▶ **Available records**

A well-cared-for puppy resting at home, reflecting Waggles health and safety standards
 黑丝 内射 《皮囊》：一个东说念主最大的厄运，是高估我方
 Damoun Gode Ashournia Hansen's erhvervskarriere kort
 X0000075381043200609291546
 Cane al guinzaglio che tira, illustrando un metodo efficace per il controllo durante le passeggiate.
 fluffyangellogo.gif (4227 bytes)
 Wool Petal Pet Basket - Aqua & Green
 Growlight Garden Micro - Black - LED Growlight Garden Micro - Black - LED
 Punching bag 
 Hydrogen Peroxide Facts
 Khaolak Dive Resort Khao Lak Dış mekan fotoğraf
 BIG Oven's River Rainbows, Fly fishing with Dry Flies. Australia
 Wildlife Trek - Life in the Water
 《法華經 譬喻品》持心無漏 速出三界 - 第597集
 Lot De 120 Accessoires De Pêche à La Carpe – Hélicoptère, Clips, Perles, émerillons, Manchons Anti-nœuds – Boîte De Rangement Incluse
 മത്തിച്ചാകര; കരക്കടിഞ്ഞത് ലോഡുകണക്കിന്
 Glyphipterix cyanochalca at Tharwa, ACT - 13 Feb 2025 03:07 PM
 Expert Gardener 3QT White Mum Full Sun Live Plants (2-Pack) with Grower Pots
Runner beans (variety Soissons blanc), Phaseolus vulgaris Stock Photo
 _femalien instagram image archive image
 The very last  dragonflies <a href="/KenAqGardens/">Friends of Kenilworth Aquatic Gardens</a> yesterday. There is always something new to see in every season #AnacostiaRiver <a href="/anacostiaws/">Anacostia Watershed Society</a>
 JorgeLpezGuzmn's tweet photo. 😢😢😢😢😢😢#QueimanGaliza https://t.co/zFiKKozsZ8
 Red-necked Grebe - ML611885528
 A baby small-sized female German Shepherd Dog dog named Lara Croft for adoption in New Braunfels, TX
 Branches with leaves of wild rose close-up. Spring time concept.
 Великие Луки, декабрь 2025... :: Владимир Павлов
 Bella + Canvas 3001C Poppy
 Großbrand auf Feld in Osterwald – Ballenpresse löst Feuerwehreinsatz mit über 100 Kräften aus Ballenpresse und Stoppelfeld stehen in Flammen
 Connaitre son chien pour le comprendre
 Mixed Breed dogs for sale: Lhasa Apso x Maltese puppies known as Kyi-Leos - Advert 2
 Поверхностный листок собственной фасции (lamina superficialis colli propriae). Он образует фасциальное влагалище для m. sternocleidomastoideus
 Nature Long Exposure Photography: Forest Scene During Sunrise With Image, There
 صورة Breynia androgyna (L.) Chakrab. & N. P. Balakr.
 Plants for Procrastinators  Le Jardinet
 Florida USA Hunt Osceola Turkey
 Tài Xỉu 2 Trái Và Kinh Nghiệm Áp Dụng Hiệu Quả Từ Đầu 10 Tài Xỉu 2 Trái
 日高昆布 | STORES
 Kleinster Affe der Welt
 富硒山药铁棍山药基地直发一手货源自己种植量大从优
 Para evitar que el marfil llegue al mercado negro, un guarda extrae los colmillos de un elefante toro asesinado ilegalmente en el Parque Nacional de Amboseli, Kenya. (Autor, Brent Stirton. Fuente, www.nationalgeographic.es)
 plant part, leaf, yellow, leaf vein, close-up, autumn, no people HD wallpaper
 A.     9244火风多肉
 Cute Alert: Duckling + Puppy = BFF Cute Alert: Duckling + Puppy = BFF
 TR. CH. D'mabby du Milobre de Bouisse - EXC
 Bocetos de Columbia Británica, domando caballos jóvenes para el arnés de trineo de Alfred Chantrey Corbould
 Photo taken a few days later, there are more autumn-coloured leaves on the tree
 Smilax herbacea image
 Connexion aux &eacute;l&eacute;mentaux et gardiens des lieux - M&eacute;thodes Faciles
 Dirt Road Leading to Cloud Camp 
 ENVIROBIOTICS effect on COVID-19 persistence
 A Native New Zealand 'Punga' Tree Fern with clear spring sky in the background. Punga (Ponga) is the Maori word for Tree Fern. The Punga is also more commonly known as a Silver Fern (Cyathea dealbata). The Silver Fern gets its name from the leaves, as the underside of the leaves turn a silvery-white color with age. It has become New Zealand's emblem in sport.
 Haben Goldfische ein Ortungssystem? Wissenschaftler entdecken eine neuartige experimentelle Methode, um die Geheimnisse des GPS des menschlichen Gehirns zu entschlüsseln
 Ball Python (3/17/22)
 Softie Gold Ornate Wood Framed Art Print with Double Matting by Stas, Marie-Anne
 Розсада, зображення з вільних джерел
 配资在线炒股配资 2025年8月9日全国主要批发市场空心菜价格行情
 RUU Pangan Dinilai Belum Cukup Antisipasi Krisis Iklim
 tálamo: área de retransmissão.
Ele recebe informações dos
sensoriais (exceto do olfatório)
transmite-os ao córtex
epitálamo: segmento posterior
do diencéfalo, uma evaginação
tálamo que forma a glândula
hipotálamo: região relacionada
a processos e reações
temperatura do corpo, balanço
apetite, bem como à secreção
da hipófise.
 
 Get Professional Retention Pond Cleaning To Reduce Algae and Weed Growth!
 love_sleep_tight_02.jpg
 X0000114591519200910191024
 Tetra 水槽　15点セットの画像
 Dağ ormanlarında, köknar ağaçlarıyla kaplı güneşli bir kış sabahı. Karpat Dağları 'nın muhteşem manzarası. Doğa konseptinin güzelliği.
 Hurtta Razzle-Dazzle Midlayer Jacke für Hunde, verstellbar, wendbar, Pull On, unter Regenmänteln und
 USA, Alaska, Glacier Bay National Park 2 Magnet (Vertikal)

▶ **What you have to do**
Reproduce the entries exactly, but only from their first line to the line holding "Red-necked Grebe - ML611885528", with that last line kept.

▶ **Finished task**
A well-cared-for puppy resting at home, reflecting Waggles health and safety standards
 黑丝 内射 《皮囊》：一个东说念主最大的厄运，是高估我方
 Damoun Gode Ashournia Hansen's erhvervskarriere kort
 X0000075381043200609291546
 Cane al guinzaglio che tira, illustrando un metodo efficace per il controllo durante le passeggiate.
 fluffyangellogo.gif (4227 bytes)
 Wool Petal Pet Basket - Aqua & Green
 Growlight Garden Micro - Black - LED Growlight Garden Micro - Black - LED
 Punching bag 
 Hydrogen Peroxide Facts
 Khaolak Dive Resort Khao Lak Dış mekan fotoğraf
 BIG Oven's River Rainbows, Fly fishing with Dry Flies. Australia
 Wildlife Trek - Life in the Water
 《法華經 譬喻品》持心無漏 速出三界 - 第597集
 Lot De 120 Accessoires De Pêche à La Carpe – Hélicoptère, Clips, Perles, émerillons, Manchons Anti-nœuds – Boîte De Rangement Incluse
 മത്തിച്ചാകര; കരക്കടിഞ്ഞത് ലോഡുകണക്കിന്
 Glyphipterix cyanochalca at Tharwa, ACT - 13 Feb 2025 03:07 PM
 Expert Gardener 3QT White Mum Full Sun Live Plants (2-Pack) with Grower Pots
Runner beans (variety Soissons blanc), Phaseolus vulgaris Stock Photo
 _femalien instagram image archive image
 The very last  dragonflies <a href="/KenAqGardens/">Friends of Kenilworth Aquatic Gardens</a> yesterday. There is always something new to see in every season #AnacostiaRiver <a href="/anacostiaws/">Anacostia Watershed Society</a>
 JorgeLpezGuzmn's tweet photo. 😢😢😢😢😢😢#QueimanGaliza https://t.co/zFiKKozsZ8
 Red-necked Grebe - ML611885528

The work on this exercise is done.